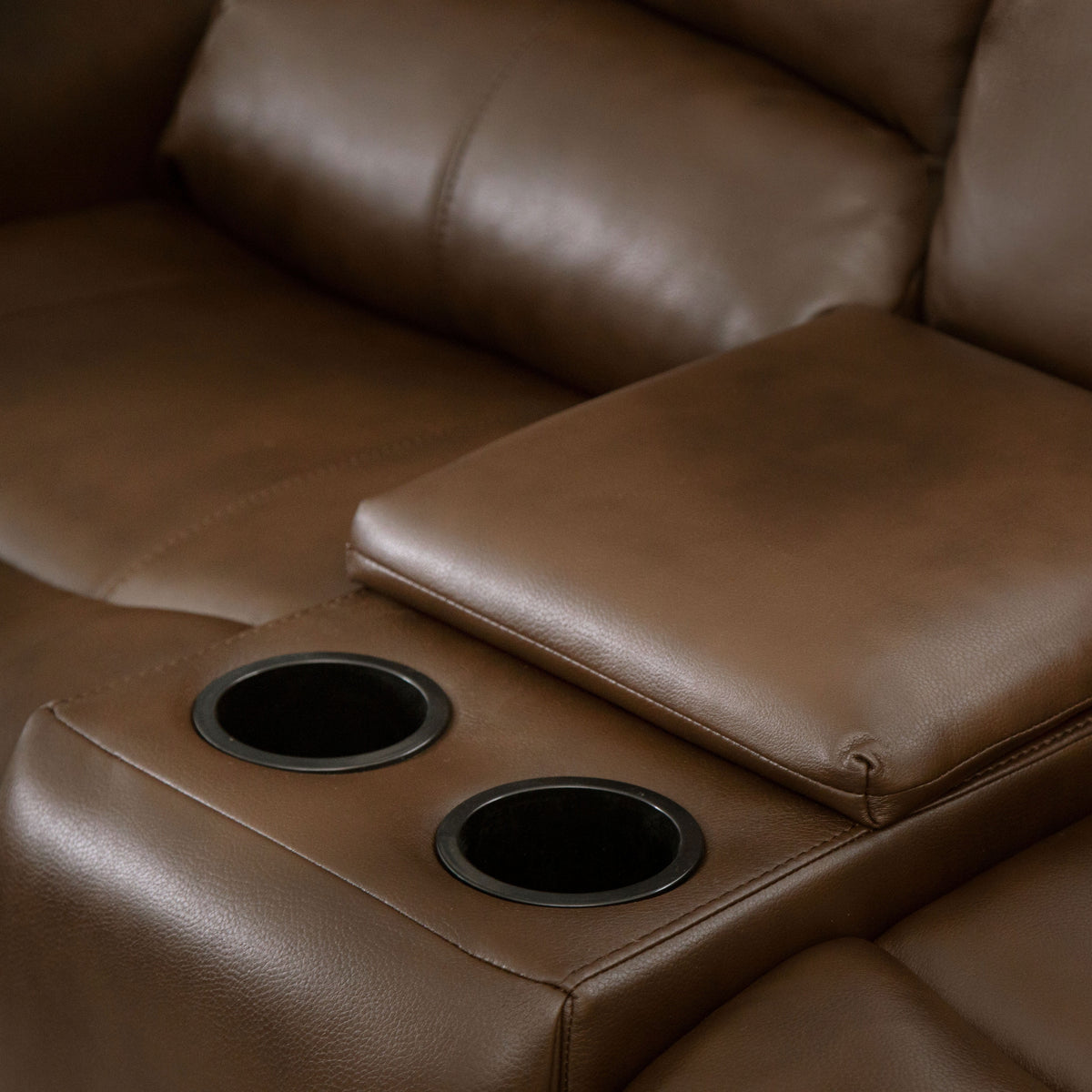 Camel Leather Reclining Loveseat T73309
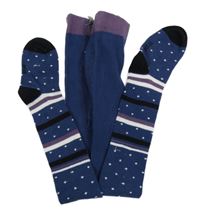 Tmavomodré punčocháče s proužky a puntíky Alive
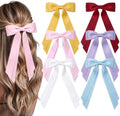 12PCS Multicolor Hair Bows, Large Ribbon Bow Hair Clips for Girls Women Cute Ponytail Holder Accessories for Toddlers Kids Teens by AILEAM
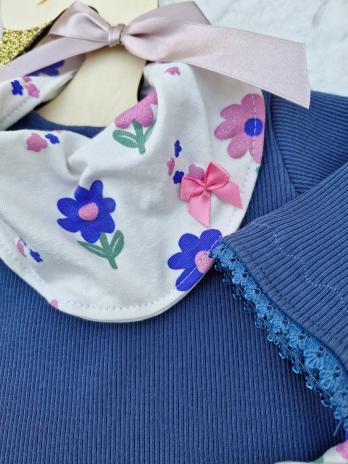 0,5 MTR. ♥ GLITTER BLÜMCHEN JERSEY - WEISS ♥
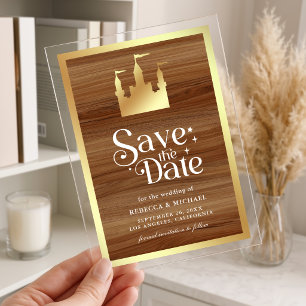 Gouden Sprookjeskasteel Trouw Save the Date Acryl Uitnodigingen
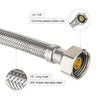 18" 1/2" Push x 1/2" FIP Faucet Hose Connector,1/4-Turn, Angle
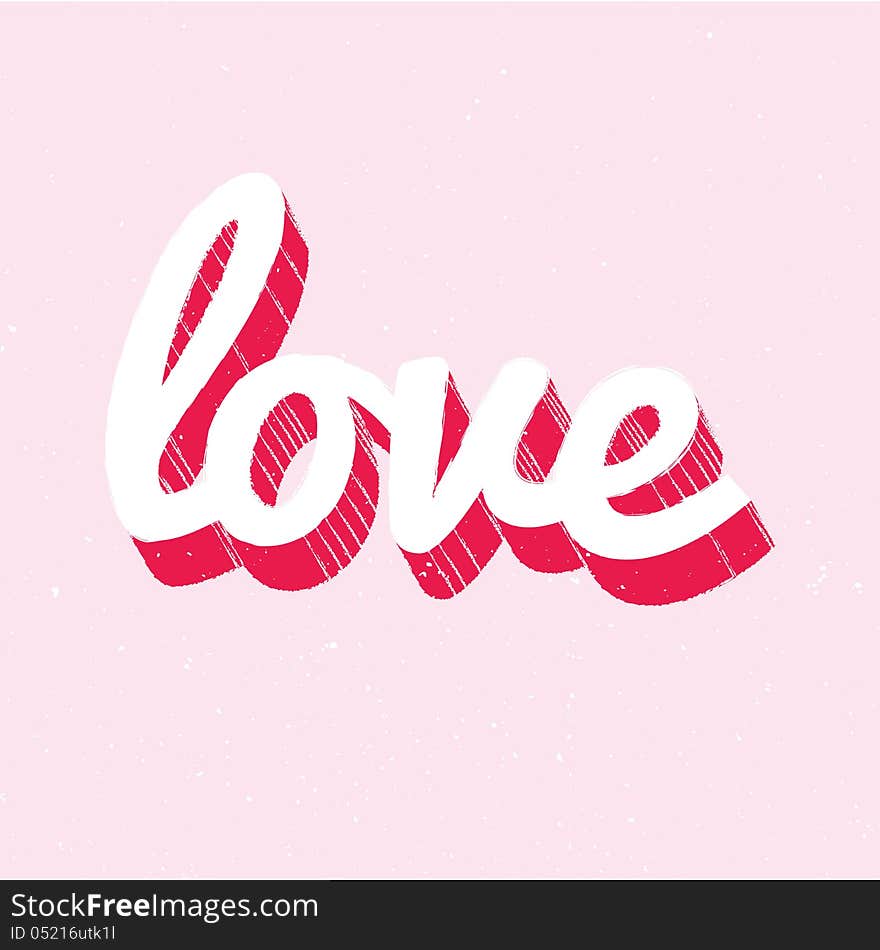 Red and white love lettering comic style on pink background. Red and white love lettering comic style on pink background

···

**Required work:**
Retype the records above exactly. Leave the pictures out.

**Task response:**
 Camel Leather Reclining Loveseat T73309
 Tmavomodré punčocháče s proužky a puntíky Alive
 12PCS Multicolor Hair Bows, Large Ribbon Bow Hair Clips for Girls Women Cute Ponytail Holder Accessories for Toddlers Kids Teens by AILEAM
 0,5 MTR. ♥ GLITTER BLÜMCHEN JERSEY - WEISS ♥
 Gouden Sprookjeskasteel Trouw Save the Date Acryl Uitnodigingen
 18" 1/2" Push x 1/2" FIP Faucet Hose Connector,1/4-Turn, Angle
 Red and white love lettering comic style on pink background. Red and white love lettering comic style on pink background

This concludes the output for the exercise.